Notice that by changing the final condition of tests we get others executions. For instance, we get the SC executions of MP as:

PPC MP
{
0:r2=x; 0:r4=y;
1:r2=y; 1:r4=x;
}
 P0           | P1           ;
 li r1,1      | lwz r1,0(r2) ;
 stw r1,0(r2) | lwz r3,0(r4) ;
 li r3,1      |              ;
 stw r3,0(r4) |              ;
(* Was exists (1:r1=1 \/ 1:r3=0) *)
exists (1:r1=1 /\ 1:r3=1) \/ (1:r1=0 /\ 1:r3=0) \/  (1:r1=0 /\ 1:r3=1)

That is, we changed the final condition of MP to a new one that lists the final values of the test when run on the SC model. This results in the following three execution diagrams:

Executions for behaviour: "1:r1=0 ; 1:r3=0"

Executions for behaviour: "1:r1=0 ; 1:r3=1"

Executions for behaviour: "1:r1=1 ; 1:r3=1"

Ambiguous test executions

It is worth noticing that a given set of final values for all observed locations may cover more than one execution. For instance consider LB+data-pos+pos-data, a variation of of LB:

PPC LB+data-pos+pos-data
{
0:r2=x; 0:r4=y;
1:r2=y; 1:r5=x;
}
 P0           | P1           ;
 lwz r1,0(r2) | lwz r1,0(r2) ;
 xor r3,r1,r1 | lwz r3,0(r2) ;
 addi r3,r3,1 | xor r4,r3,r3 ;
 stw r3,0(r4) | addi r4,r4,1 ;
 li r5,2      | stw r4,0(r5) ;
 stw r5,0(r4) |              ;
exists
(y=2 /\ 0:r1=1 /\ 1:r1=1)

By observing the final values of registers 0:r1 and 1:r1, the above final condition targets some LB style non-SC execution a → b → d → f, or more precisely:

But the register 1:r3 (second load of y by Thread 1) has to get its value either from the initial value 0 of y, or from the stores to y by Thread 0 (b or c). This results in the following three executions:

Executions for behaviour: "0:r1=1 ; 1:r1=1 ; y=2"

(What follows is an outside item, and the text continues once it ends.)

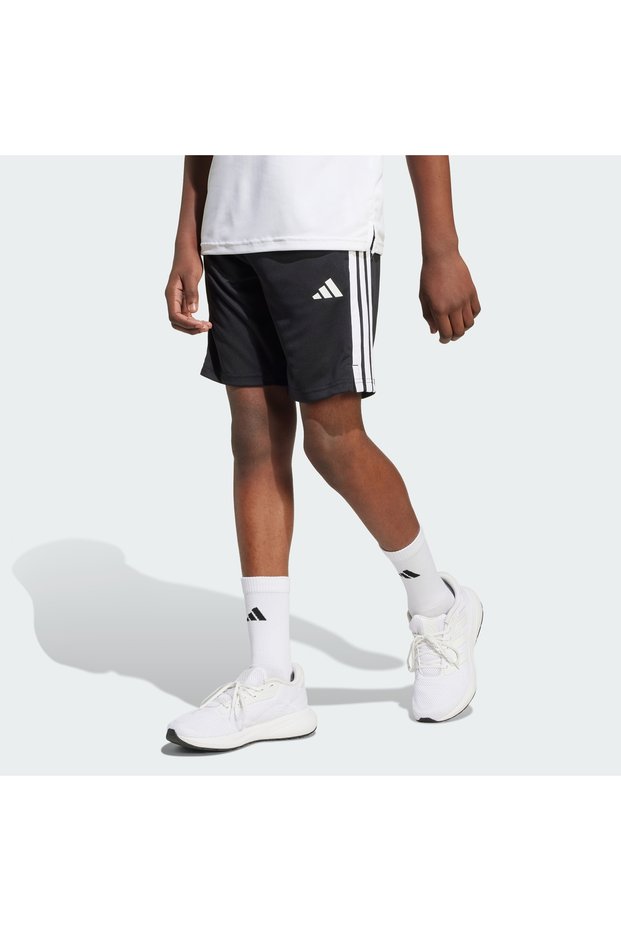 Train Essentials 3-Stripes Shorts Kids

Notice that, in the above LB+data-pos+pos-data example, the ambiguity in executions results from not observing the register 1:r3. Unfortunately many of our tests present such a lack of observation. To reveal that situation in execution diagram, we picture observed reads between two stars ’*’. For instance, in the above diagrams the first memory load by Thread 1 is written “d:*Ry=1* ”, while the second memory load is written “e:Ry=0”,“e:Ry=1”, and “e:Ry=2”.

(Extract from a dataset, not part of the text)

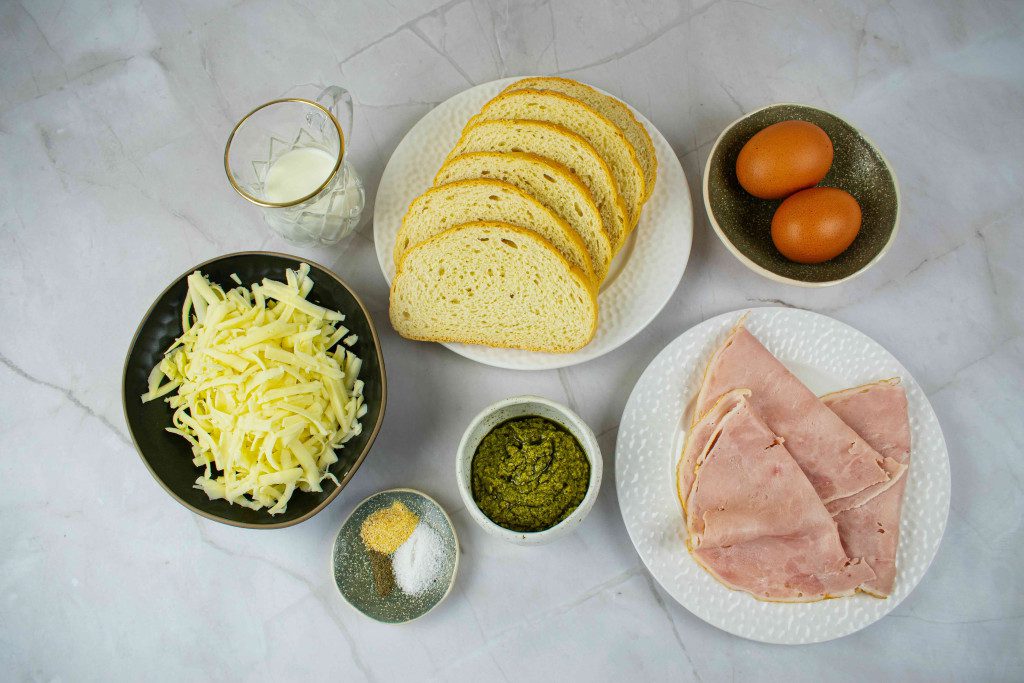 Karsti-sumustiniai-su-pesto-padazu-ingredientai - Laikas.lt Karšti sumuštiniai su pesto padažu. Ingredientai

Another source of ambiguity originates from tests that feature three stores or more to the same location. Consider the simple test 3W:

PPC 3W
{
0:r2=x; 1:r2=x; 2:r2=x;
}
 P0           | P1           | P2           ;
 li r1,1      | li r1,2      | li r1,3      ;
 stw r1,0(r2) | stw r1,0(r2) | stw r1,0(r2) ;
exists (x=3)

This tests consists in three threads each of which performs a store to the global location x. The final condition x=3 does not characterise an unique coherence order: as the two orders a → b → c and b → a → c admit the store of value 3 as their last element.

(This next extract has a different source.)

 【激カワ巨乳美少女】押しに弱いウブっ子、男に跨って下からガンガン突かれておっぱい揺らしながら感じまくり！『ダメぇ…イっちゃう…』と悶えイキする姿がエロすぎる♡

Such ambiguity can be avoided by adding an extra thread to the test. The new thread’s sole purpose is to read x three times, saving the loaded values in registers that are observed, see test 3W+OBS. We seldom use this possibility as such an observation of coherence orders requires sheer luck to perform well during hardware experiments. An alternative is to add some memory loads to the test threads themselves, as in test 3W+OBS-LOCAL. Unfortunately, this latter technique clutters execution diagrams, which become barely readable, saved for the most simple tests. Besides, those techniques assume that the tested system does not permit loads to contradict the coherence order. In our words, the tested system must obey the sc per location check.